EXERCISE:
Would you transcribe exactly the lines from the one containing "Used 2016 Volvo XC60 T5 Platinum image 21" to the last line of the data below, both ends included, but none of the pictures?

++++ DATA TO EXAMINE

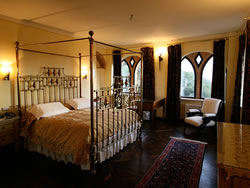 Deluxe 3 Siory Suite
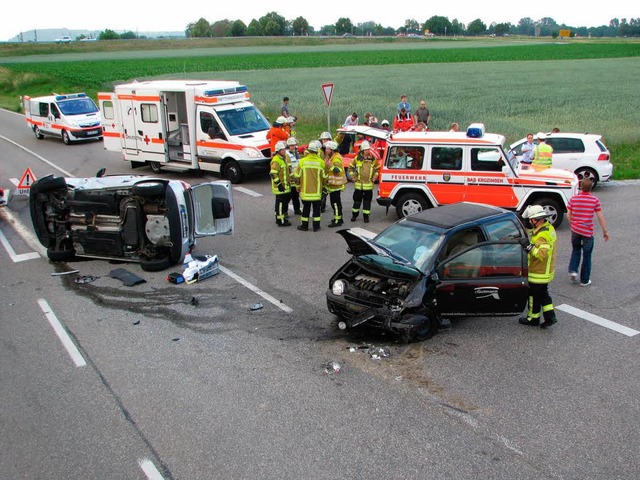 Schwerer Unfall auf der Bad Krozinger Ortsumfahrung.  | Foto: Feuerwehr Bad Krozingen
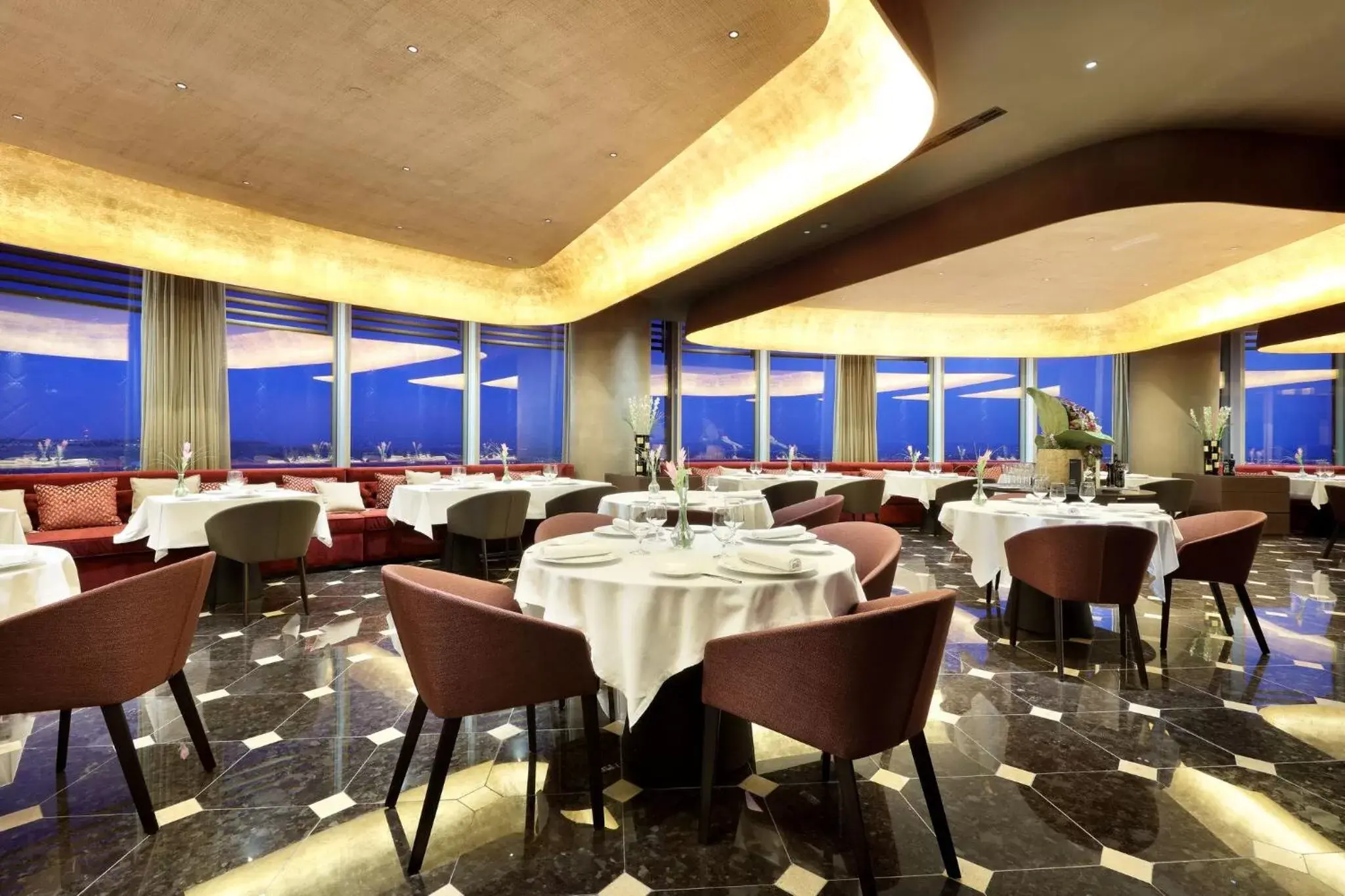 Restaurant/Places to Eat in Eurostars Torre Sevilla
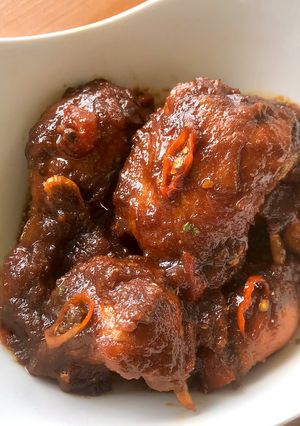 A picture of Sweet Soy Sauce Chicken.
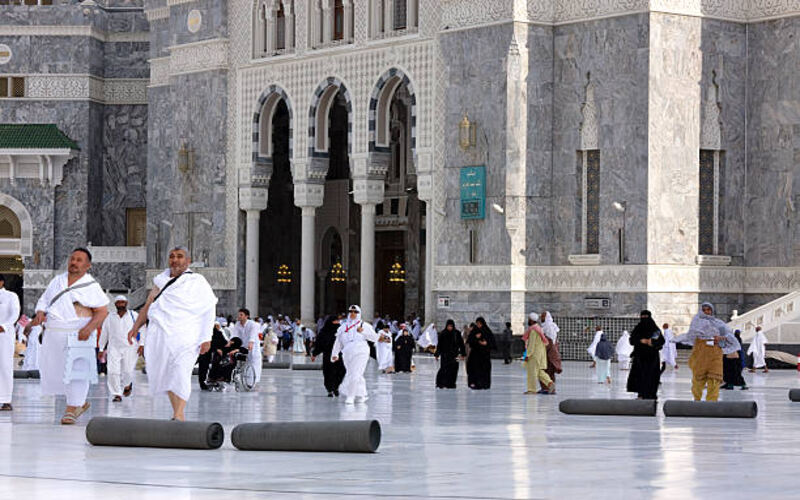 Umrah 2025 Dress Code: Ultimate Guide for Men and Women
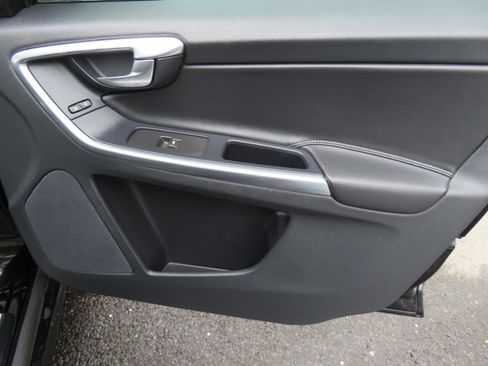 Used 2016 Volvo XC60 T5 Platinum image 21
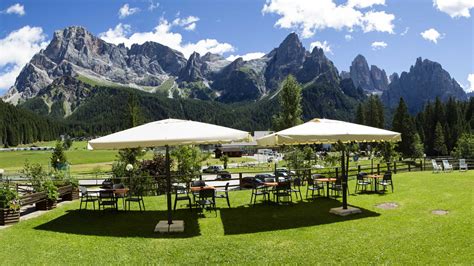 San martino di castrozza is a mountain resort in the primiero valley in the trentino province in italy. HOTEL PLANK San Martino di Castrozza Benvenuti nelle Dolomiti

++++++++

RESPONSE:
 Used 2016 Volvo XC60 T5 Platinum image 21
 San martino di castrozza is a mountain resort in the primiero valley in the trentino province in italy. HOTEL PLANK San Martino di Castrozza Benvenuti nelle Dolomiti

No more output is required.